Ahora mismo esta empresa de Mesía exporta ya el 50% de su producción y quizá vaya en aumento durante este 2018.

Verea conoce bien el mercado americano. Por eso puso la línea 2 de su fábrica a producir para exportar allí. Producen la Teja Spanish S que, según su web oficial, es la única teja mixta que reproduce la estética de la curva. Es la teja mixta con mayor facilidad de instalación, apta sobre placas onduladas (fibrocemento y onduline) sin necesidad de rastrel. Luis siempre tuvo muy claro que lo mejor es hacer el producto que ya tiene su mercado, en lugar de intentar vender un producto para el que hay que abrir mercado. A los americanos les gusta “la línea recta”, dice, esto es, son de ideas fijas… Por eso, cambiar la cultura de instalación es “delicado” y a largo plazo. “Aquí el largo plazo te lleva al cementerio”, concluye.

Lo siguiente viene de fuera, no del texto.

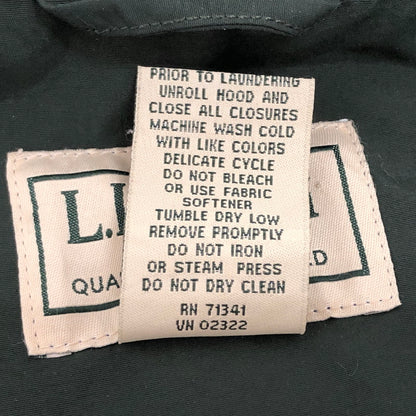 【現状渡し品】【メンズ】 L.L.Bean エルエルビーン Thinsulate パファージャケット アウター アウトドア系 ヴィンテージ系 146-260224-rs-03-fur サイズ：S カラー：グリーン 万代Net店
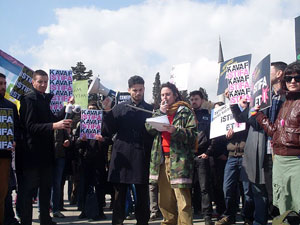 Lambdaistanbul da Kavaf'ı Mahkemeye Verdi Kaos GL - LGBTİ+ Haber Portalı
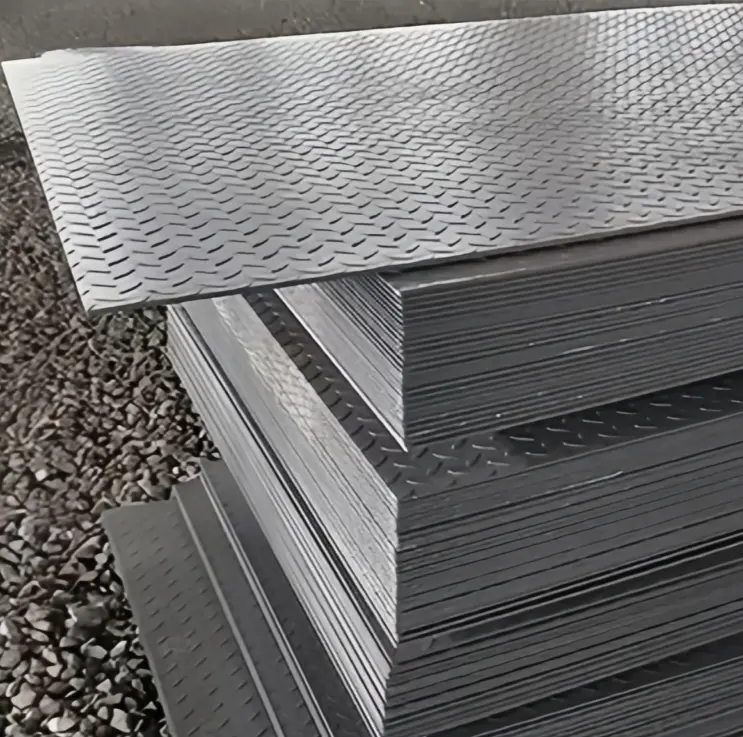 Tread Plate Sheet Metal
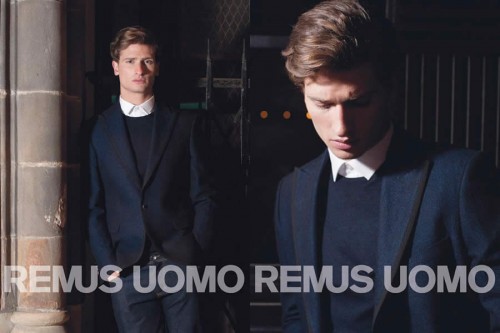 Remus Uomo Autumn/Winter 2012 Men’s Lookbook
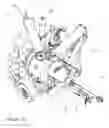 Fig. 02 - Inlet for particulate loader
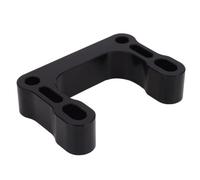 NONDK Elevador de Manillar de Motocicleta para Light Bee S Light Bee X, Adaptador de Elevación de Cabeza para Moto Eléctrica de, 15 mm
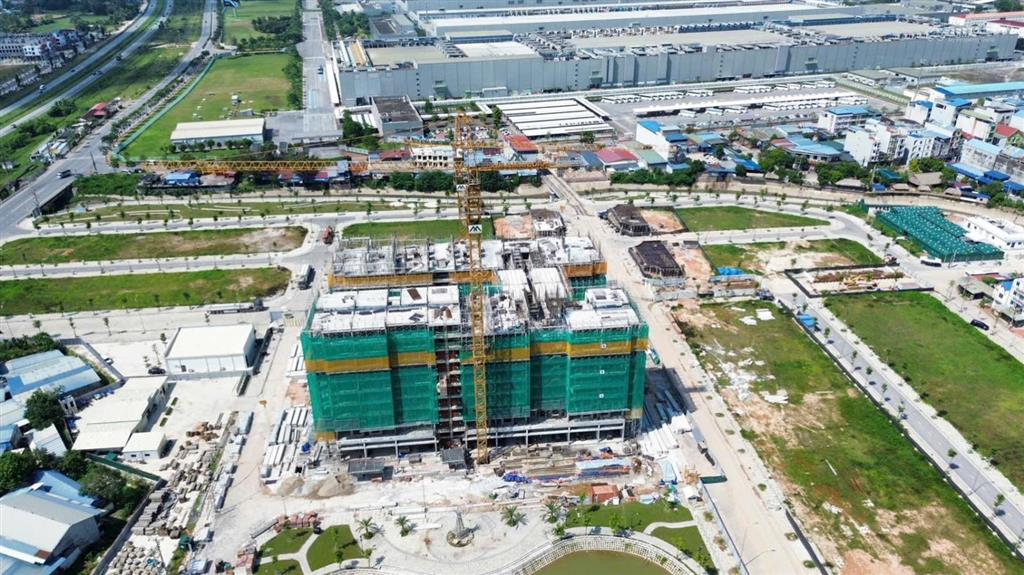 Chính chủ bán 3 căn ngoại giao chung cư yên bình complex giá gốc cđt 19 triệu/m2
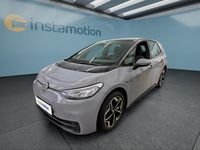 Gebraucht VW ID.3 Pro 150 kW (204 PS) 2022 Grau Kleinwagen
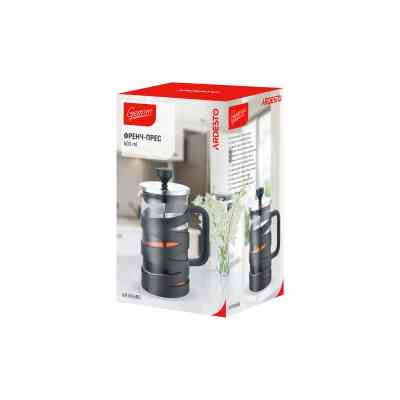Френч-пресс Ardesto Gemini 600 мл (AR1906BG) Винница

Del mercado gallego de cerámica, Luis Verea dice que está “un poco parado”. Solo se hacen rehabilitaciones y retejados en zonas del Camino de Santiago. “Obras nuevas no hay. Todo es rehabilitación”.

Encima hay una competencia de otros materiales “como la chapa metálica que sube de Portugal”. Señala Luis que la chapa tiene “un ciclo de vida muy corto. Son productos que a los 10 años van a dar muchísimos problemas y, realmente, no son más baratos. Son modas”.

Al mundo empresarial, desde su sector, Verea los anima a invertir en sus empresas sin ahorrar en los adelantos que existen para avanzar y progresar y así ser más competitivo. “Cuanto más avances, mejor se podrá competir y reducir costes, aumentando la calidad. Que no tengan miedo de invertir y mejorar”. Y concluye: “Si puedes dar calidad a un precio competitivo, eso es el futuro”.